## Material for this task
::::::::::

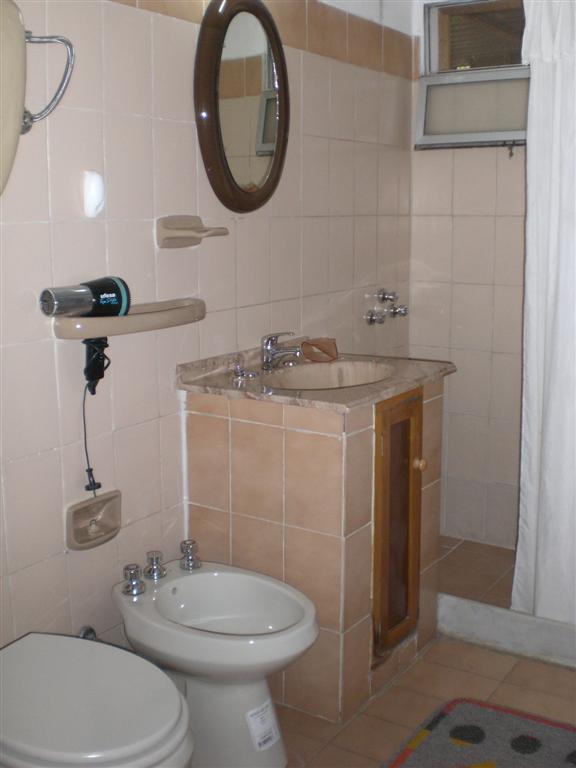 Imagen 6 de Casa con apartamento en esquina sobre Rambla con vista al Río de la Plata.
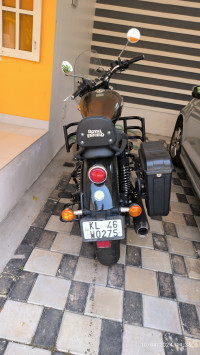 Royal Enfield Meteor 350 Supernova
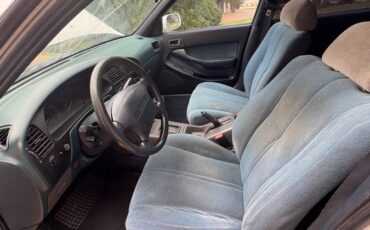 Toyota-Camry-le-4dr-wagon-1992-white-7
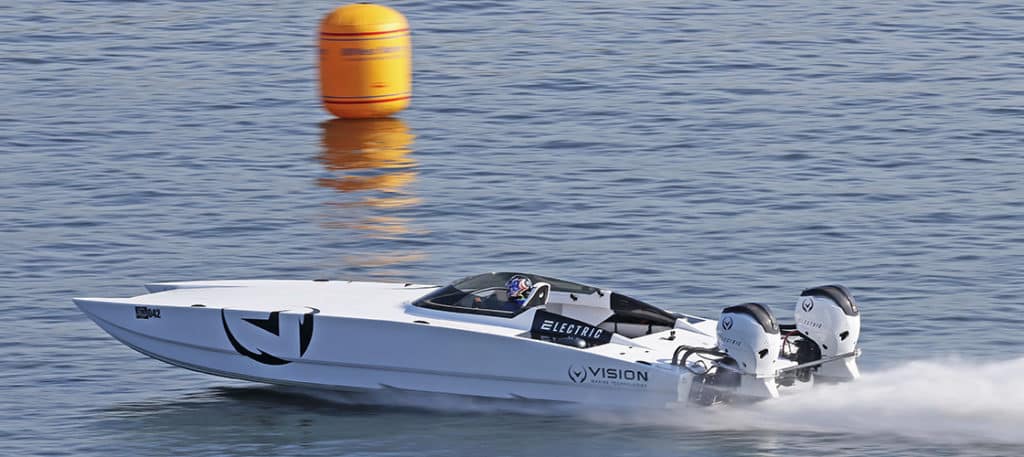 Vision 32 Sets Record As First 100-MPH Electric Boat In History At Lake Of The Ozarks Shootout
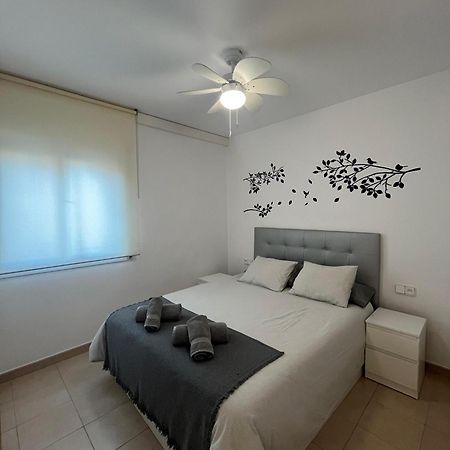 Apartamentos Ct Salou Kültér fotó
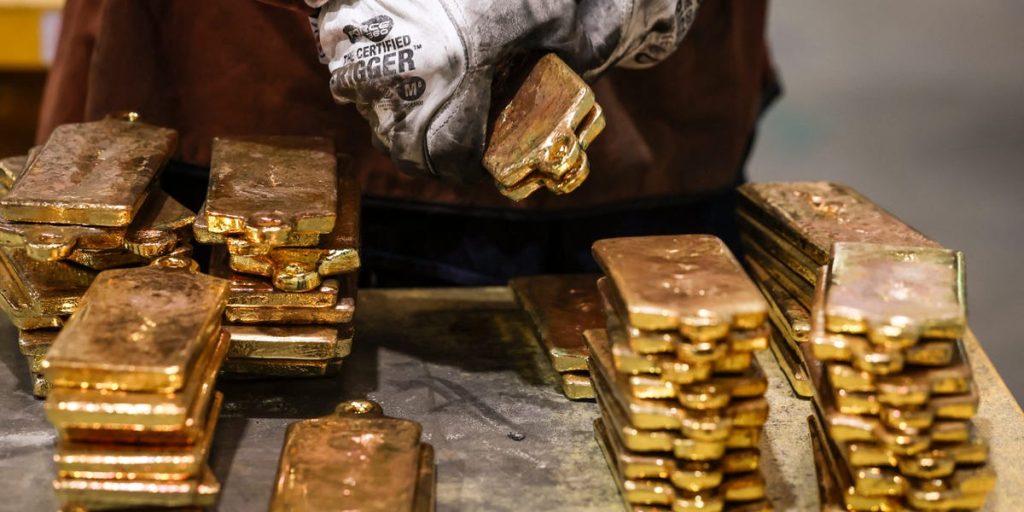 ارتفاع أسعار الذهب والفضة إلى مستويات قياسية تاريخية جديدة.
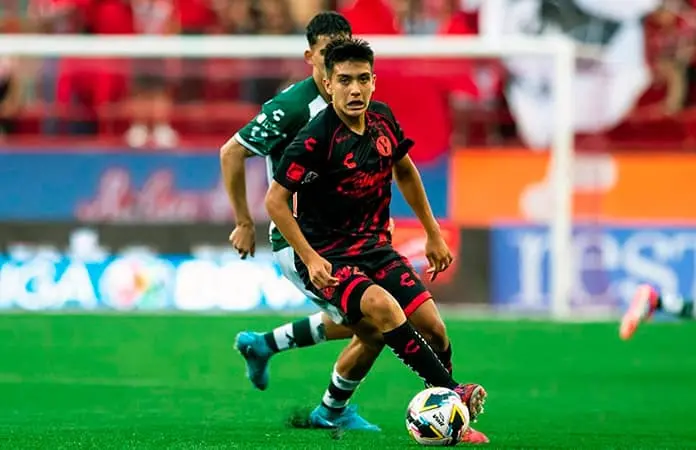 Xolos le pone precio a Gilberto Mora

::::::::::

## Work request
Your output should be only the lines from the line with "Apartamentos Ct Salou Kültér fotó" through the end of the data, exactly as they stand, and no pictures.

## The answer
 Apartamentos Ct Salou Kültér fotó
 ارتفاع أسعار الذهب والفضة إلى مستويات قياسية تاريخية جديدة.
 Xolos le pone precio a Gilberto Mora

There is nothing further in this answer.